Il bisogno di potere sull’altro

 

Intervento: come se alla base di tutto ci fosse la sessualità… tutto il discorso occidentale in un certo modo si incentrasse su questo…

Non è sicuramente sufficiente, sappiamo perché si cerca un partner, e che non è soltanto per una questione sessuale, anche, forse, ma non è solo quello e sicuramente non è la questione sessuale che fa mantenere il partner anzi, ma l’avere il potere, esercitare il potere su qualcuno, quindi avere qualcuno che ritorni in qualche modo la verità di ciò che dico. Sappiamo che anche nel modello della famiglia occidentale c’è un pater familias che è quello che ha il controllo sul mondo esterno in generale, la madre che ha il controllo su quello interno, poi può accadere che nascano dei figli e allora si può esercitare il potere anche su di loro, e quello che secca è che qualcuno si sottragga a questo potere da qui la necessità che la famiglia sia un nucleo unito, perché se uno se ne va via si perde il potere su una persona, così come avviene in una coppia. Non è solo una questione sessuale, perché se ne va via uno ne trova un altro, come può anche accadere per altro, però se ne ha a male e se ne ha a male non per una questione sessuale, perché ha portato via l’oggetto del piacere, non è per questo che una persona soffre e si dispera, ché potrebbe trovarne quante ne vuole, ma ha tolto qualcosa di molto importante. La famiglia si tiene unita su questo, una relazione tra i due, prima tra i due partner, e poi anche i figli, finché subiscono tale potere rimangono lì con la famiglia poi tendenzialmente se ne vanno perché non possono esercitare il potere sui genitori per una serie di fantasie e quindi devono cercare qualcuno da sottomettere così come è stato fatto a loro…

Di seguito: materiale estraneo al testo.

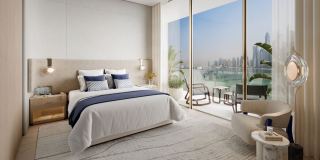Master bedroom at Dubai Harbour Residences with views over the marina.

Intervento: mi ponevo proprio questa domanda perché le persone cercano il partner? perché le persone cercano un interlocutore?

La questione può porsi in modo più radicale in questi termini: perché gli umani hanno bisogno di qualcuno per esercitare il potere? Occorre tenere conto che l’umano suddetto è linguaggio, ora il linguaggio ha sì la necessità di procedere in un certo modo che conosciamo, e cioè muovere e giungere a una affermazione che possa essere all’interno di quel gioco considerata vera per potere proseguire perché se no non prosegue, però ha bisogno di qualcuno dall’esterno di un altro discorso che confermi qualche cosa? Teoricamente no, infatti io non ho bisogno di nessuno che mi confermi, cosa che dovrebbe essere comune a ciascuno, in quanto si hanno gli strumenti per potere valutare immediatamente se ciò che si afferma è necessario oppure no, e se non lo è, allora è arbitrario e quindi valutare se è vero all’interno del gioco che si sta facendo. Perché invece gli umani hanno bisogno continuamente di esibire all’altro, per esempio, la propria verità o trovare conferma dall’altro, perché? Soprattutto nel caso in cui esibiscono una verità, sanno già che è così, perché esibirla, a che scopo? Visto che ciò che gli ritorna non è una maggiore verità, è sempre la stessa…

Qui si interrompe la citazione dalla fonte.